トローリングヘッド製作の手順
Trolling heads manufacturing procedure
オリジナルトローリングヘッド製作の紹介です。貝、石、角 など多種多様なトローリングヘッドがありますが、樹脂(エポキシなど)ヘッドでも釣果は負けません。
その証拠に、海外では、樹脂ヘッドが主流で、コア(ヘッドの中に仕込んであるモノ)もホログラムシートなどで簡素な作りのものが多いです。
実際に、貝のヘッドと一緒に流してみて、樹脂ヘッドの釣果が良い時もあるのです。いかがですか、試しにヘッド製作にチャレンジしてみませんか?


①準備
Preparation for production
説明にあたって、参考事例としてライト トローリング用エポキシ樹脂ヘッドヘッド長さ55mm/パイプ埋め込み型/パイプ直径4mm(内径3mm)コアは四角柱、(ホログラムシート、貝シート)を例に説明していきます。
工具
① ドリル(回転数が変わるものが使いやすいです)
② 鉄鋼又は木工ドリル刃(使用するパイプ径に合わせて)
③ 鉄鋼又は木工ヤスリ(ヤスリ部が▲のものもあるとよい。丸パイプのバリ取り様のヤスリも必要です)
④ サンドペーパー(耐水 240番・400番・800番・1500番・2000番・フィルムペーパー3000番、磨き用コンパウンド)
⑤ 万力など(ドリルを固定出来れば、どんな状態でもOK)
⑥ ハサミ・カッター(ホログラムシートなどを切る時に必要です)
⑧ ポンチ(「目玉」をホログラムシートなどで作る場合は必要です)
⑨ テツノコ・パイプカッター(金属パイプを切る時に必要です)
材料
⑩ シリコン(「シロプレン」など = シロプレンは、真空ポンプが要らないので扱いが簡単です)
⑪ エポキシ樹脂(透明)(ポットライフが長いモノが扱いやすいです)
⑫ 丸棒(マスター木型を作る時に使います)
⑬ 金属丸パイプ(真鍮パイプ外径4mm・3mmなど)
⑭ アルミ角(パイプボディー形状に納まるサイズ)
⑮ 接着剤(製作時間短縮の為、速乾性なら何でもよいです)
⑯ 目止め剤(ラッカースプレー・セルロース・ニスなど)
⑰ ガン玉など(ウエイト用)
⑱ 各種ホログラム・貝シート(お好きなデザインのモノ)
⑲ 油粘土(抜き型を作る時に使います)
⑳ ペットボトルなど(抜き方を作る時に使います)
㉑ 輪ゴム(抜き方を作る時に使います)
㉒ マスキングテープ(コアを作る時に使います)
㉒ 両面テープ(コアを作る時に使います)
本来は、設計図の作成(ラフスケッチ)をして、寸法・コアのデザインなど決めます。
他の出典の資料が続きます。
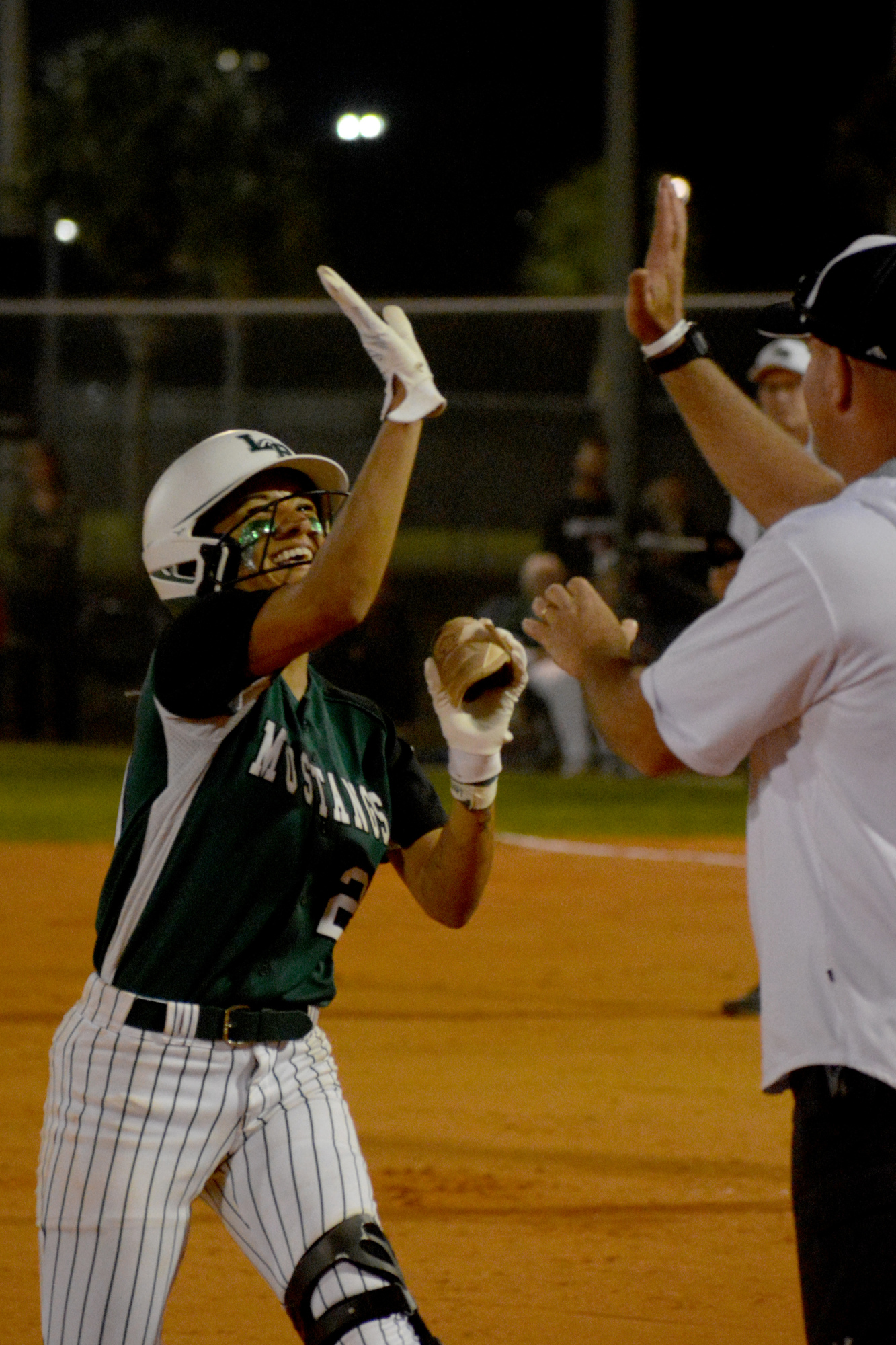 Mustangs senior Sydney McCray high-fives Coach TJ Goelz after hitting a two-run double against Inspiration Academy.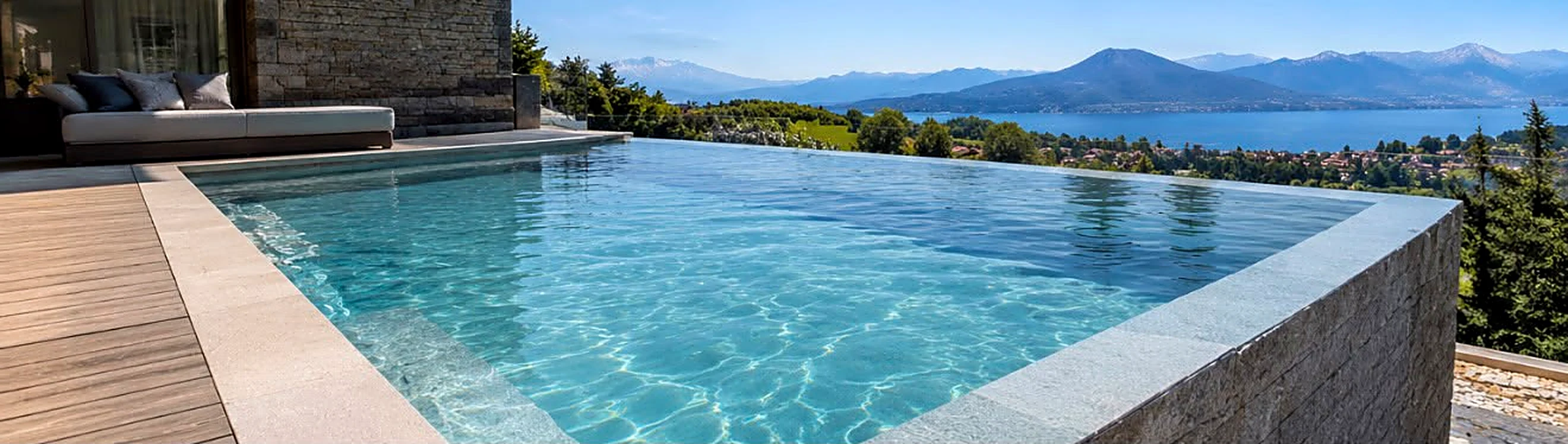 Piscina a sfioro rivestita in pietra con vista sul lago e sulle montagne
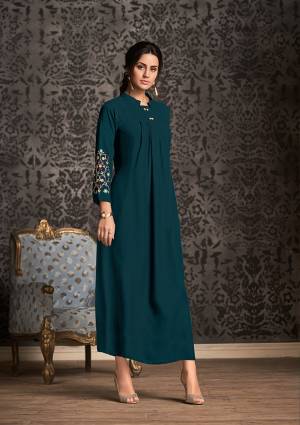 Lovely Shade Is Here With This Designer Readymade Long Kurti In Prussian Blue Color Fabricated On Rayon. It Is Beautified with Thread Work Over The Sleeves With Multi Color.  It Is Light Weight And Easy To Carry All Day Long. 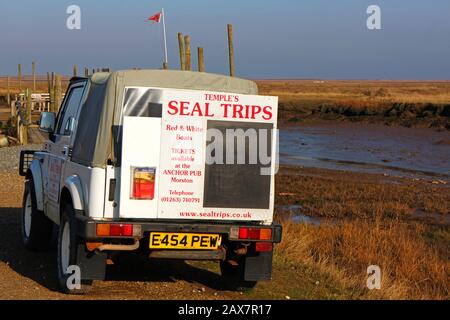 A 4-wheel drive vehicle parked by the quayside advertising seal trips to Blakeney Point at Morston, Norfolk, England, United Kingdom, Europe. Stock Photo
では設計図は出来たものとして準備に入ります。他に、真空ポンプ、旋盤(木工旋盤など)、ボール盤、グラインダー などがあれば作業性がよくなりますし、品質も向上します。
②マスター型製作
Master mold production
マスター型は、抜き型を作る時に使う オス型(凸型)のことです。今回の説明は、丸棒を使っていますが、エポキシ系の粘土、バルサ など成型が安易な材料であれば何でもいいです。
① 丸棒を切ります。 設計図の全長より、2~3mm長めに切断し断面は直角になるように気を付けてください。
② 穴をあけるドリルで、丸棒のセンターに、金属パイプの外径と同じ穴を明けます。 出来るだけセンターになるよう両側から少しずつあけるのがコツです。
③ 金属パイプを切ります。穴を明けた丸棒に対し、50mm前後長めに切る
④パイプ丸棒に通す丸棒の穴に切断したパイプを通し接着します。パイプが丸棒の両側から、それぞれ25mm前後ずつ出るようにしてください。ようは、ドリルチャックで掴めるようするためです。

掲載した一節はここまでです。